Problem details
Retype the line where "Euro Joy Womens" appears and each line that follows it down to the last line of the records below. Leave the pictures out.

Excerpts from a dataset:
....................
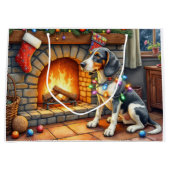 Bluetick Coonhound Fireplace with Christmas Lights Große Geschenktüte (Vorderseite)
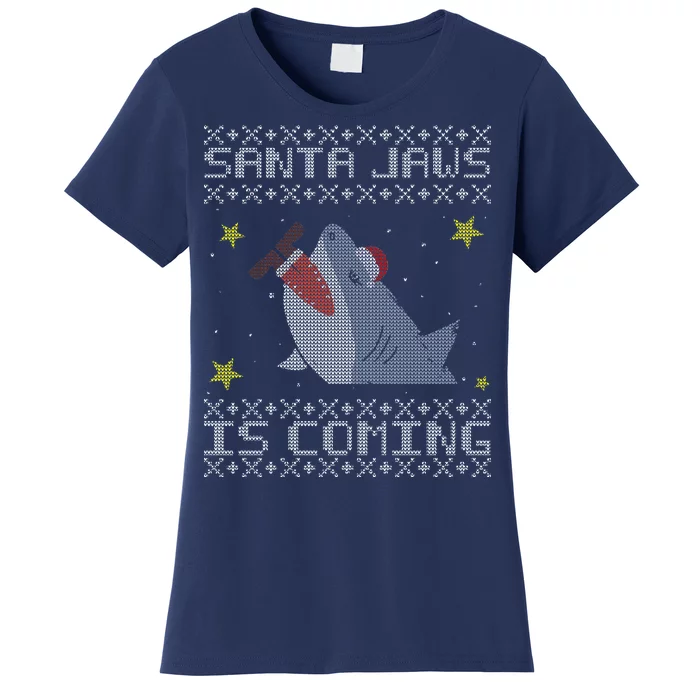 Santa Jaws Is Coming Ugly Christmas Women's T-Shirt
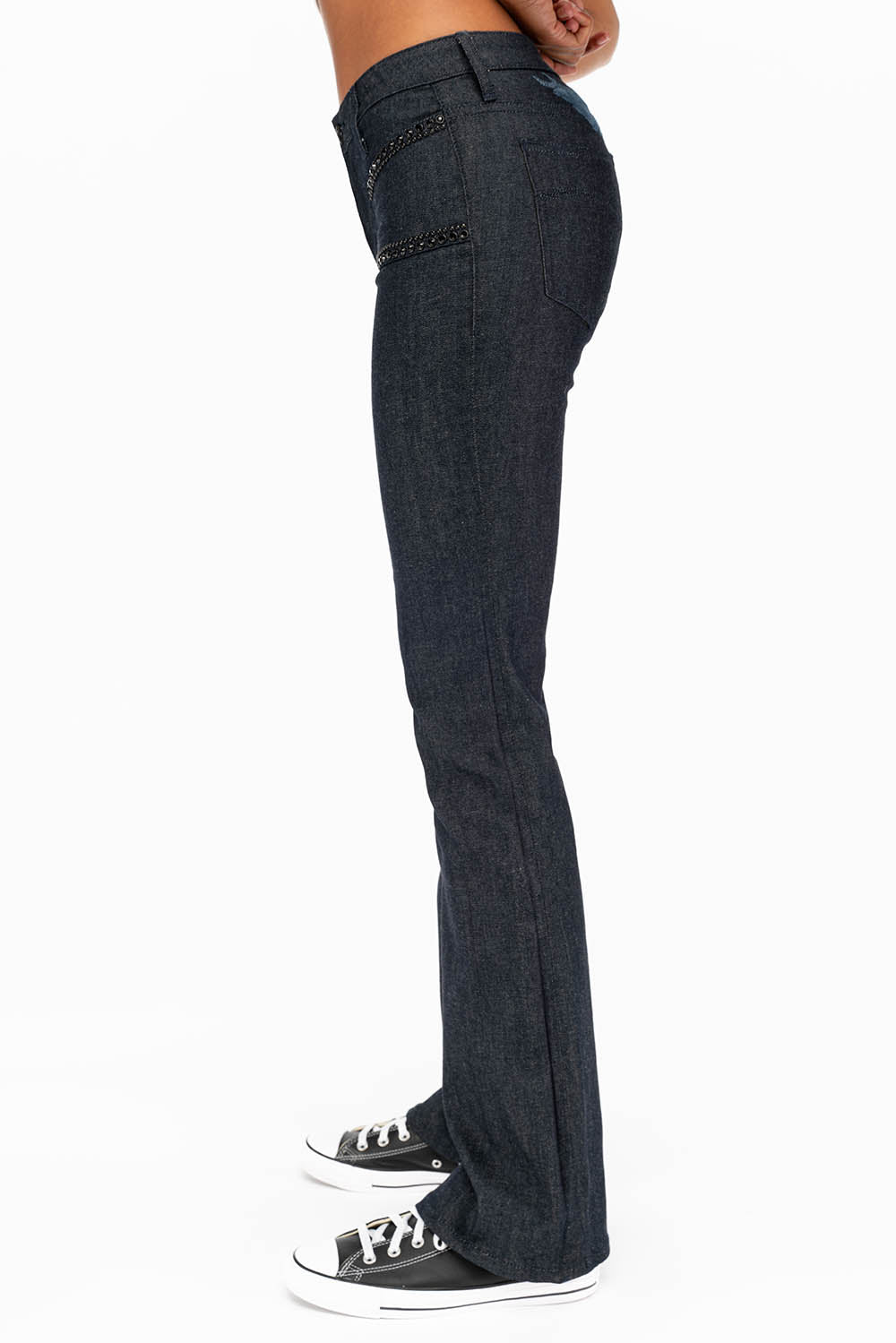 WOMENS SIDE SEAM FRONT POCKETS BOOT LEG JEANS WITH JET BLACK CRYSTALS IN RAW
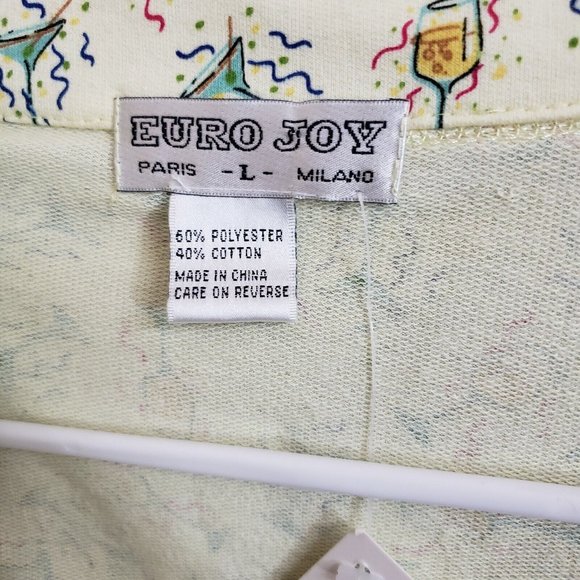 Euro Joy Womens Sweatshirt Jacket Sz Large Yellow Green Martinis Cocktails - Picture 6 of 6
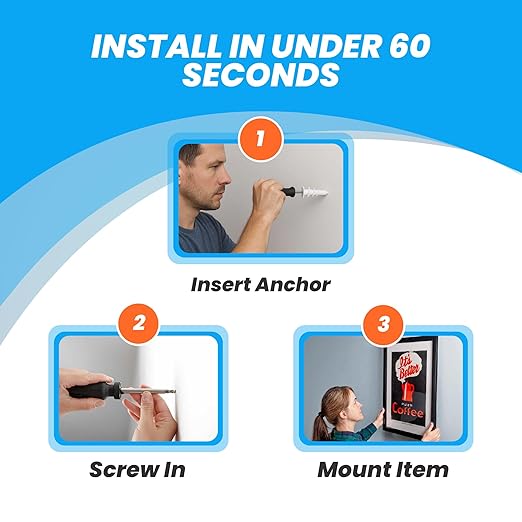 Drywall Anchors and Screws Kit – 200pcs- 3 Sizes Self Drilling Anchors – No Pre-Drill Required – Heavy Duty Wall Anchors for Drywall – Holds Up to 75lbs, 13x32mm,15x33mm,13x42mm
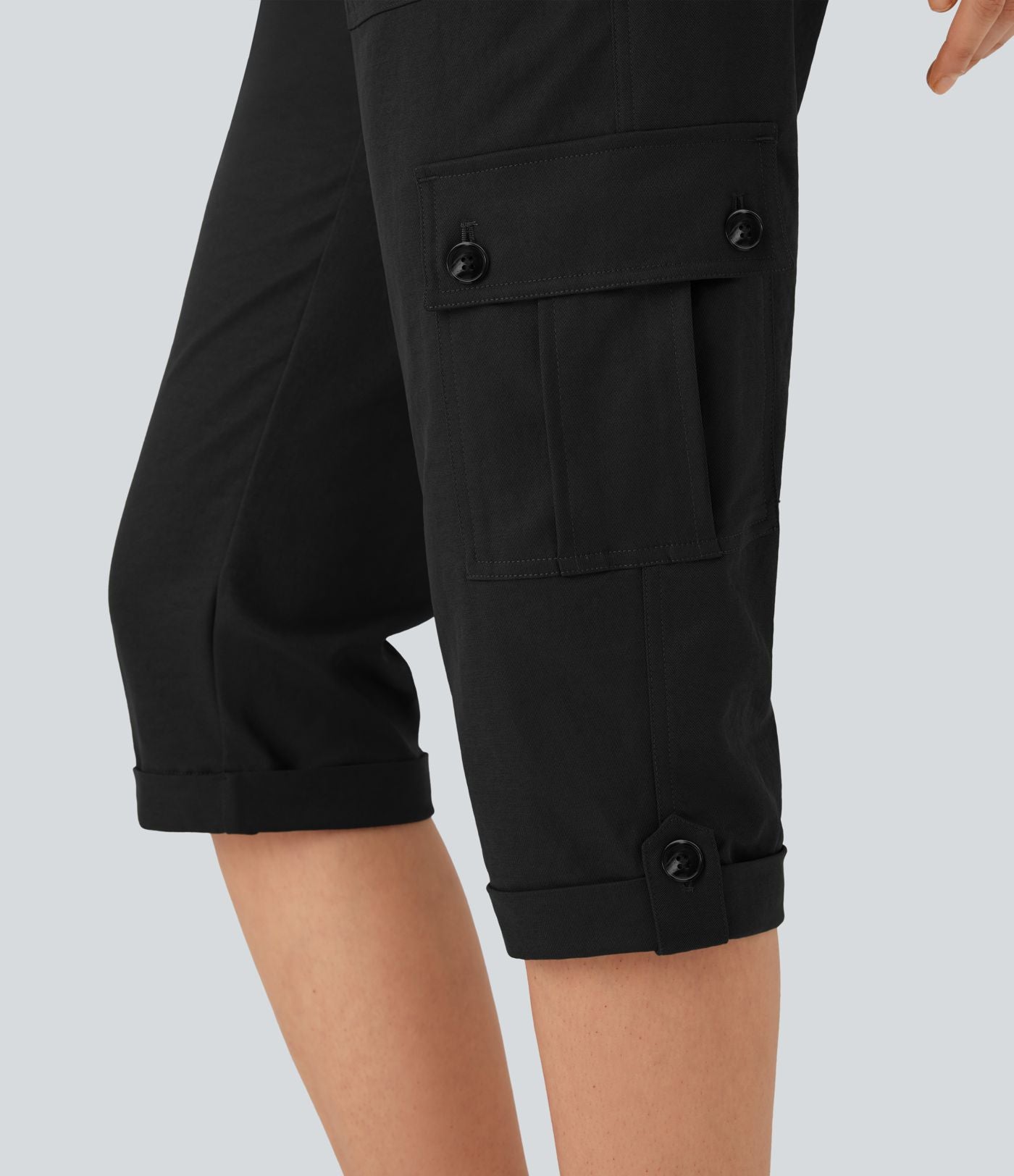 Pantalon cargo décontracté taille moyenne à ourlet roulé avec poches à rabat
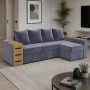 Угловой ортопедический диван Мекко Cube Shuttle 2600x1430 Pocket Spring Cocos II категория Allure Premium Cool Grey (MEK-161140)
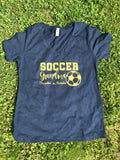 Glitter Soccer Grandma V neck Tshirt with Personalization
....................
Result of the exercise
 Euro Joy Womens Sweatshirt Jacket Sz Large Yellow Green Martinis Cocktails - Picture 6 of 6
 Drywall Anchors and Screws Kit – 200pcs- 3 Sizes Self Drilling Anchors – No Pre-Drill Required – Heavy Duty Wall Anchors for Drywall – Holds Up to 75lbs, 13x32mm,15x33mm,13x42mm
 Pantalon cargo décontracté taille moyenne à ourlet roulé avec poches à rabat
 Угловой ортопедический диван Мекко Cube Shuttle 2600x1430 Pocket Spring Cocos II категория Allure Premium Cool Grey (MEK-161140)
 Glitter Soccer Grandma V neck Tshirt with Personalization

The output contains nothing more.